*Exercise objective*:
In the listing that follows, retype every line from the first through the one containing "Natural Citrine and". Pictures are to be left out.

*Given information*:
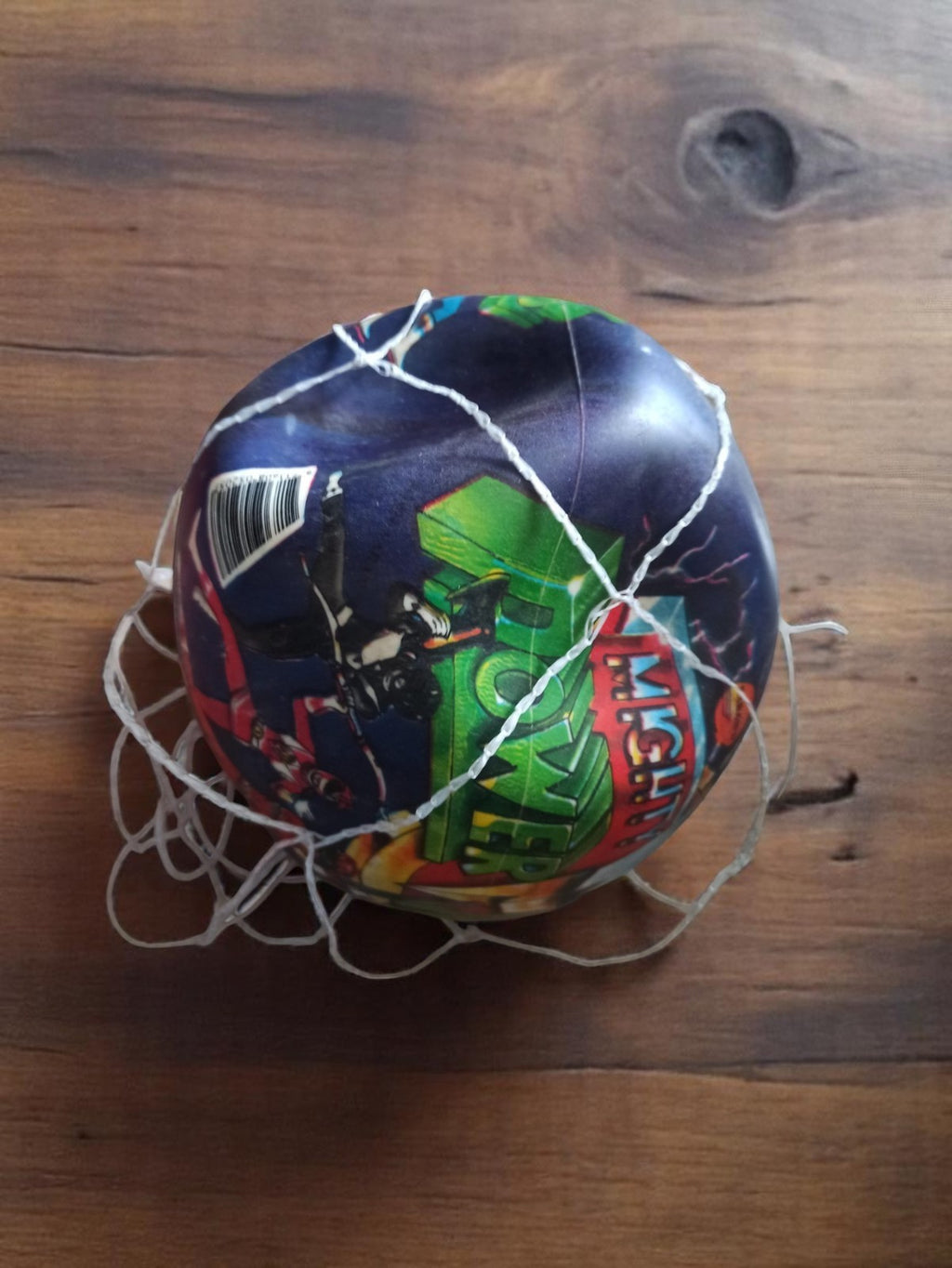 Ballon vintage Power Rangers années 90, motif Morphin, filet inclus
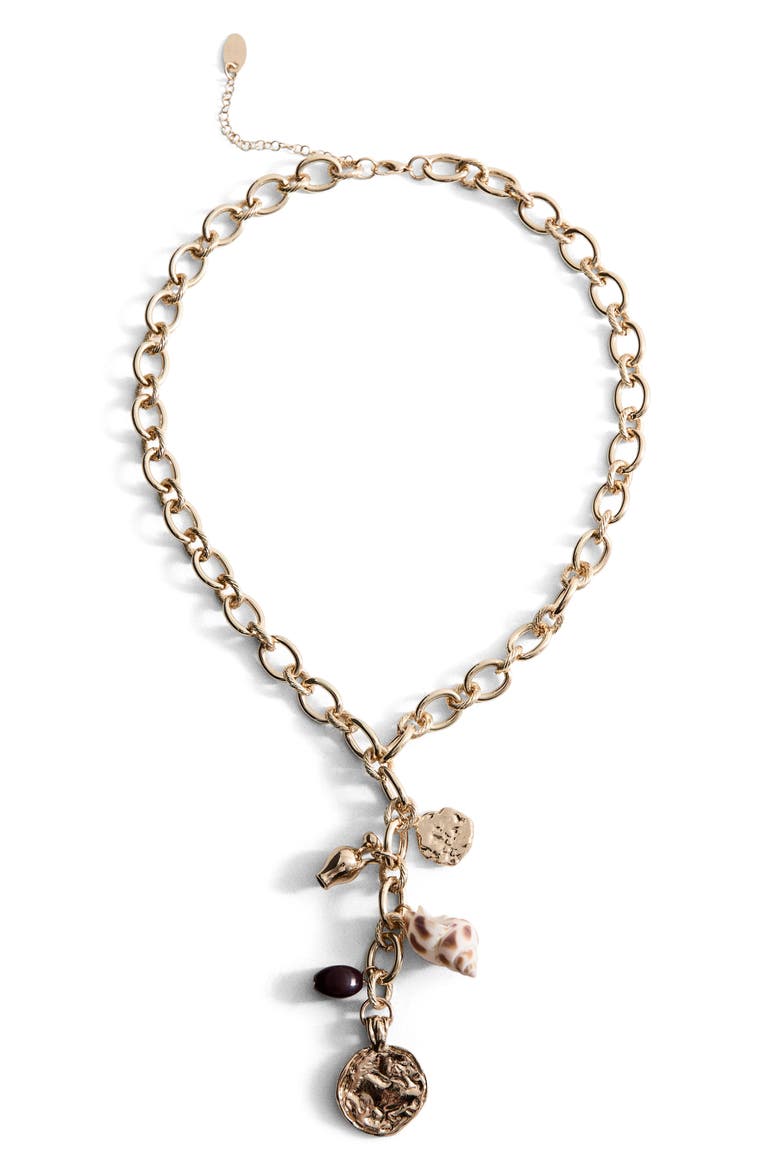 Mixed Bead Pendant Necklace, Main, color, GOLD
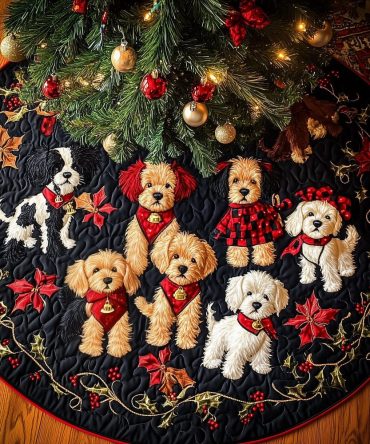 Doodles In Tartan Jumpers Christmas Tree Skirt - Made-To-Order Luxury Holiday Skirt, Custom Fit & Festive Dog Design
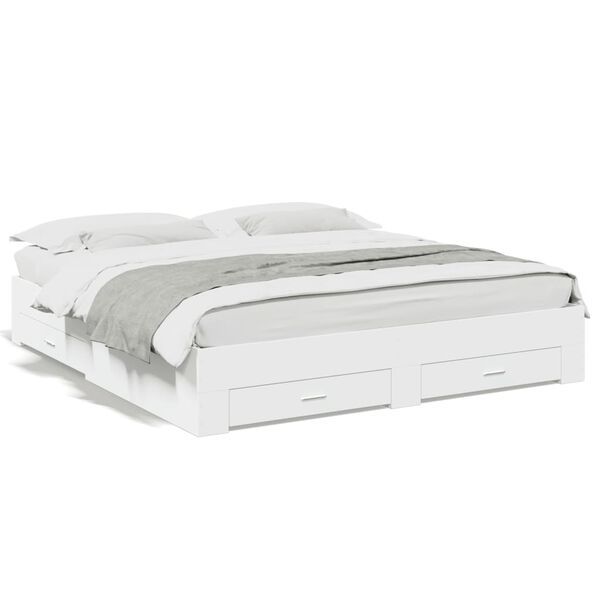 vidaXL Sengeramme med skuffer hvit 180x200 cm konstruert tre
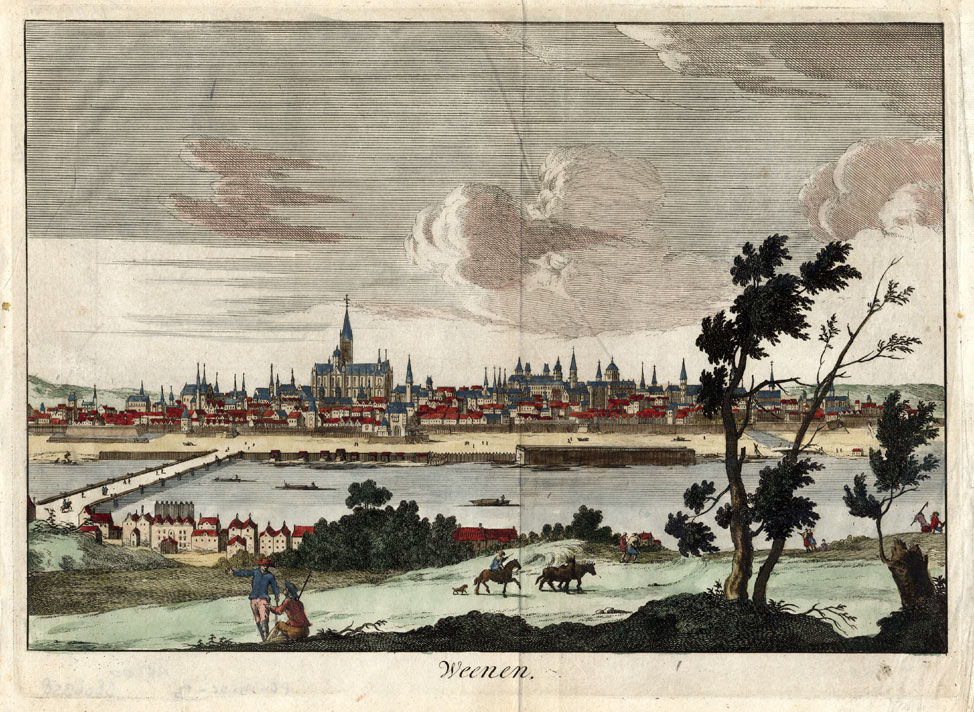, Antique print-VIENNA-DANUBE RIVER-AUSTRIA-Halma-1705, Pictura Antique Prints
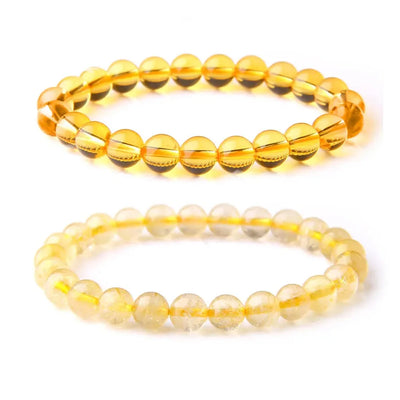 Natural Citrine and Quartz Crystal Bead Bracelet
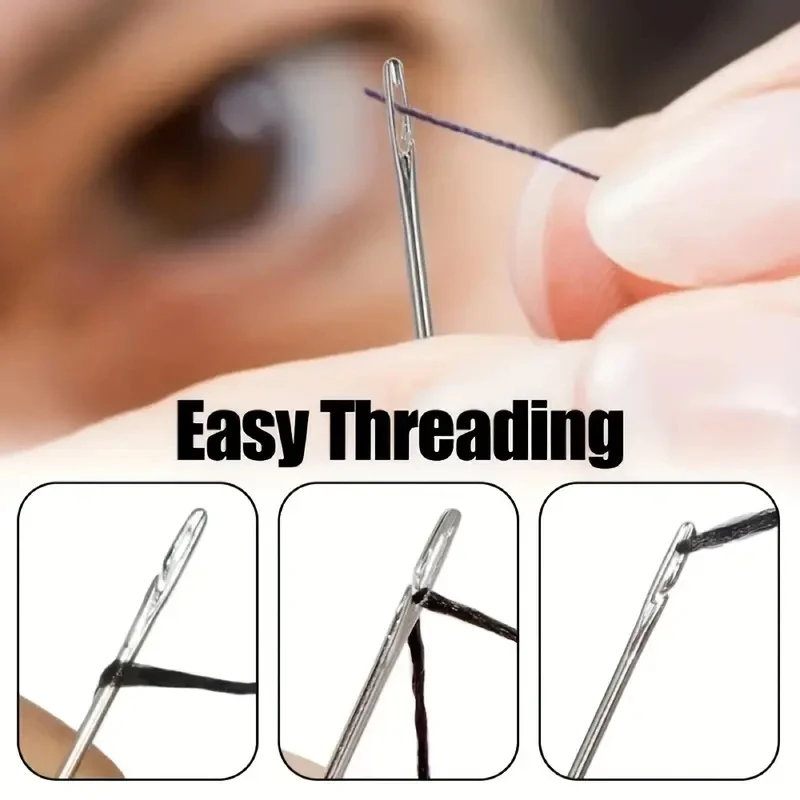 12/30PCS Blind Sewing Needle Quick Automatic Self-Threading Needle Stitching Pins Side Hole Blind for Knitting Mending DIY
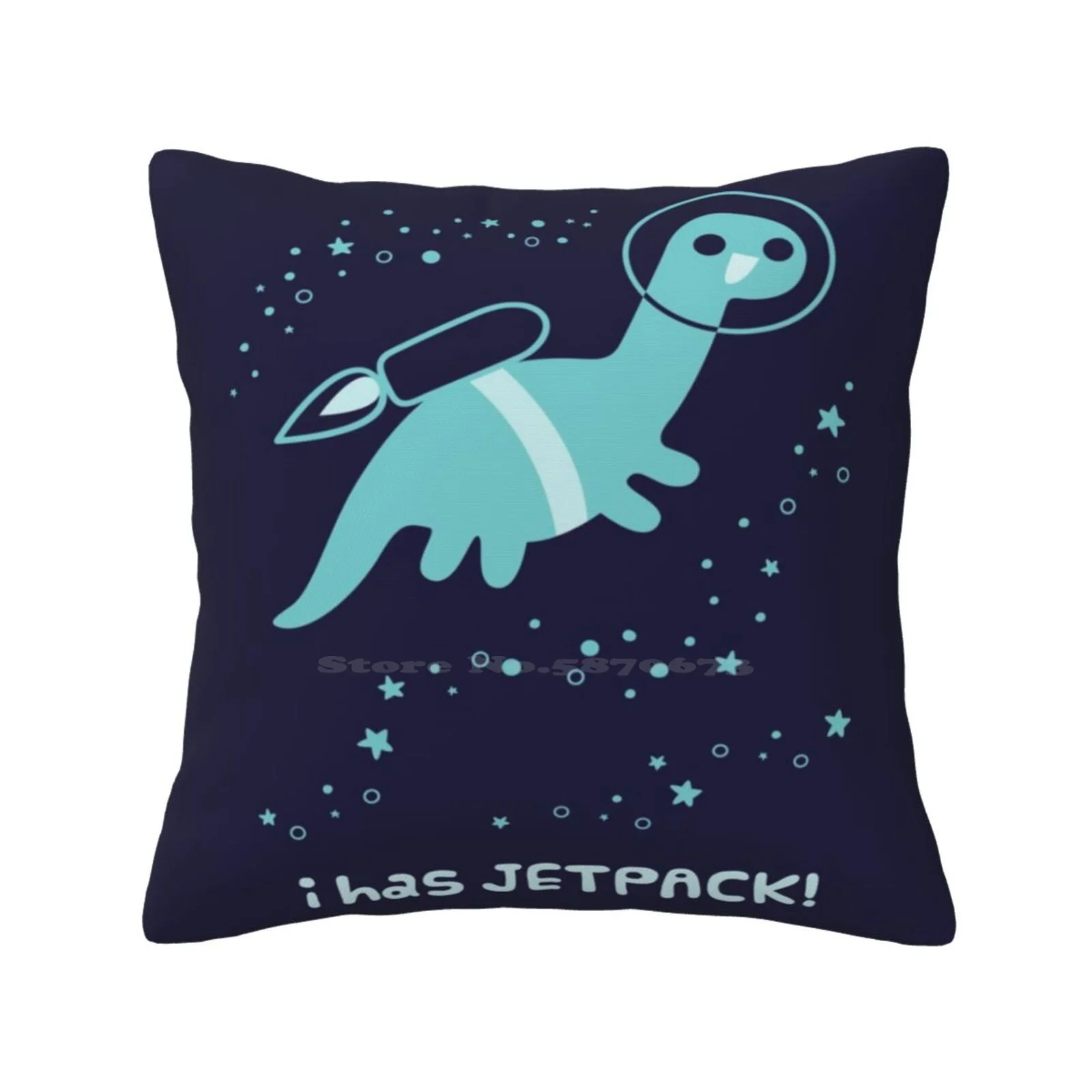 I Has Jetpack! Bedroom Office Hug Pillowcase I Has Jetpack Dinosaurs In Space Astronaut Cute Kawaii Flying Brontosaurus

*Output below*:
 Ballon vintage Power Rangers années 90, motif Morphin, filet inclus
 Mixed Bead Pendant Necklace, Main, color, GOLD
 Doodles In Tartan Jumpers Christmas Tree Skirt - Made-To-Order Luxury Holiday Skirt, Custom Fit & Festive Dog Design
 vidaXL Sengeramme med skuffer hvit 180x200 cm konstruert tre
, Antique print-VIENNA-DANUBE RIVER-AUSTRIA-Halma-1705, Pictura Antique Prints
 Natural Citrine and Quartz Crystal Bead Bracelet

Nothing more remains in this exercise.